Saat ditemukan, kondisi korban sudah meninggal dunia. ʺSudah ditemukan oleh tim Basarnas, dan korban sudah meninggal dunia, karena sudah hilang semalaman dan tenggelam. Kita evakuasi, dan jenasahnya diantarkan ke rumah korban,ʺ kata Koordinator Basarnas Pos Cilacap, Moel Wahyono , Rabu (6/2/2019).

Korban meninggal atas nama Girwo, warga Dusun Karangmulya, Desa Ujung Gagak, Kecamatan Kampung Laut, Kabupaten Cilacap. Sebelumnya, sebuah kecelakaan laut  tersebut  terjadi Selasa (5/2/2019), di pantai selatan Pulau Nusakambangan. Lokasi kejadian, berdekatan dengan Pantai Selok. Ada tiga nelayan, yaitu Girwo, Warsito dan Adi di dalam perahu tersebut. Tiba-tiba datang ombak menerjang perahu nelayan sangat keras, perahu nelayan masih bertahan. Namun, saat perahu menabrak batu karang yang berada di sekitar lokasi, perahu tersebut terbalik.

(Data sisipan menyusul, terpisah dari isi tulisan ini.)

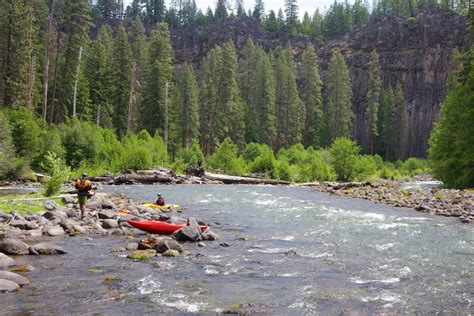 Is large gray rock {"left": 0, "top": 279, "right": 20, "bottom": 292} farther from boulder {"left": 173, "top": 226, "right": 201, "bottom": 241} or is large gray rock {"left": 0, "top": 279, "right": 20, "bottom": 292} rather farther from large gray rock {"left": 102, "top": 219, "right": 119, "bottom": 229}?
large gray rock {"left": 102, "top": 219, "right": 119, "bottom": 229}

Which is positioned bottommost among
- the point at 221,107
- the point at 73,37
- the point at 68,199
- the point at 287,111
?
the point at 68,199

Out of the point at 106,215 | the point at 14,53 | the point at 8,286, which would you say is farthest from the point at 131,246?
the point at 14,53

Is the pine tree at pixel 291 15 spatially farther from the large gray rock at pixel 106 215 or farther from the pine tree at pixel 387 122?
the large gray rock at pixel 106 215

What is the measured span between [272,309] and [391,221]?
1062 centimetres

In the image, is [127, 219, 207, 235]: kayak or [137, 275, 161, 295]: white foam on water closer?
[137, 275, 161, 295]: white foam on water

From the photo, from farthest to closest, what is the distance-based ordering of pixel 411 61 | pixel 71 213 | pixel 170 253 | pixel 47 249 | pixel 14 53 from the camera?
1. pixel 411 61
2. pixel 14 53
3. pixel 71 213
4. pixel 170 253
5. pixel 47 249

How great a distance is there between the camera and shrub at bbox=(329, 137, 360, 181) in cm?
3859

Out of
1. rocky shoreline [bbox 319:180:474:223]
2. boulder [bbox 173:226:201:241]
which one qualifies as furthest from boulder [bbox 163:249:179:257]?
rocky shoreline [bbox 319:180:474:223]

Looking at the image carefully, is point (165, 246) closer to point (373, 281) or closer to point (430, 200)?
point (373, 281)

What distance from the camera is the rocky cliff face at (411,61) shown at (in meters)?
87.5

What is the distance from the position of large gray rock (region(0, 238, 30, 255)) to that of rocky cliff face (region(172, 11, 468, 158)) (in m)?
78.9

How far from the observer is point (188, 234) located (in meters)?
12.3

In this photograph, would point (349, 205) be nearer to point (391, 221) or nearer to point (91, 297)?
point (391, 221)

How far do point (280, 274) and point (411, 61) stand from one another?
91.8 m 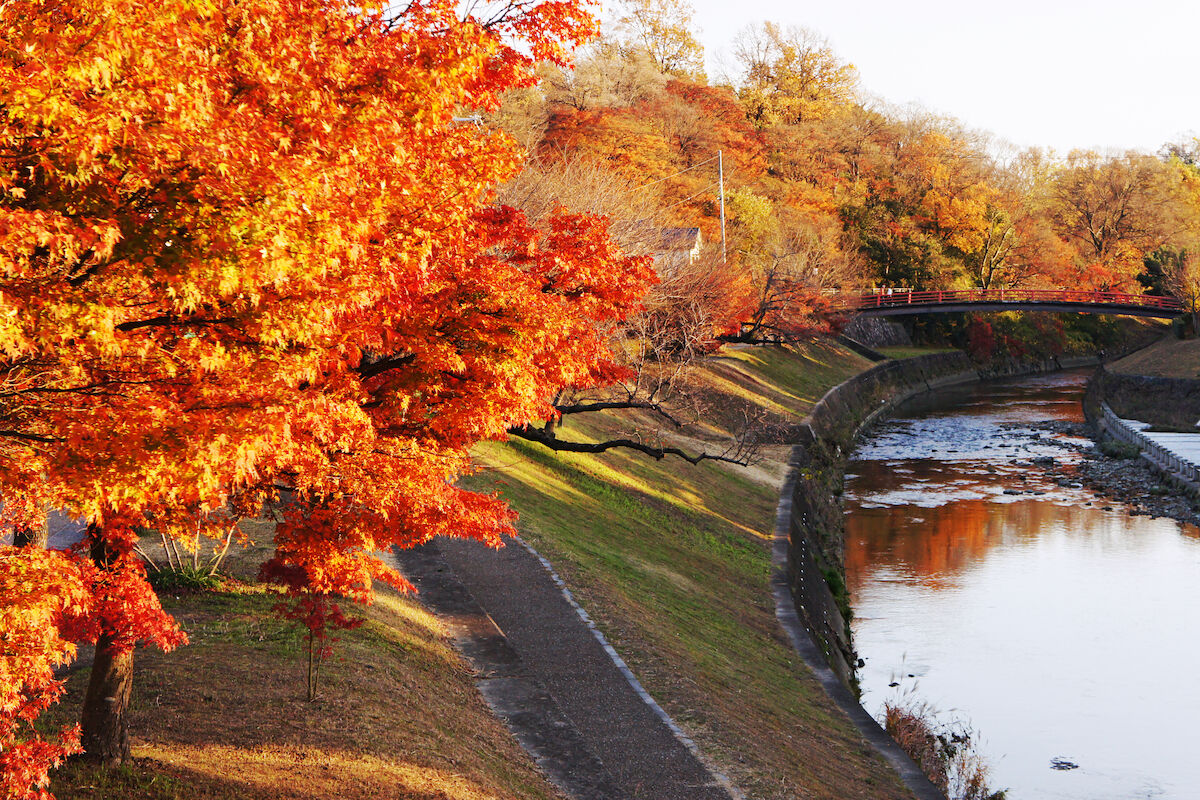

(Baca: https://www.cendananews.com/2019/02/tiga-nelayan-cilacap-alami-laka-laut-satu-masih-hilang.html).

Dengan ditemukannya korban, saat ini Basarnas berkonsentrasi melakukan pencarian terhadap satu nelayan asal Kabupaten Kebumen, yang juga dilaporkan hilang. Basarnas Cilacap menerjunkan satu tim beranggotakan tujuh orang ke Kebumen. ʺKita juga mendapat laporan ada nelayan Kebumen yang hilang. Peristiwanya hampir sama dengan laka laut di Cilacap. Mereka bertiga sedang mencari ikan, perahunya terhantam ombak dan terbalik. Dua diantaranya selamat dan satu nelayan masih hilang,ʺ tandasnya.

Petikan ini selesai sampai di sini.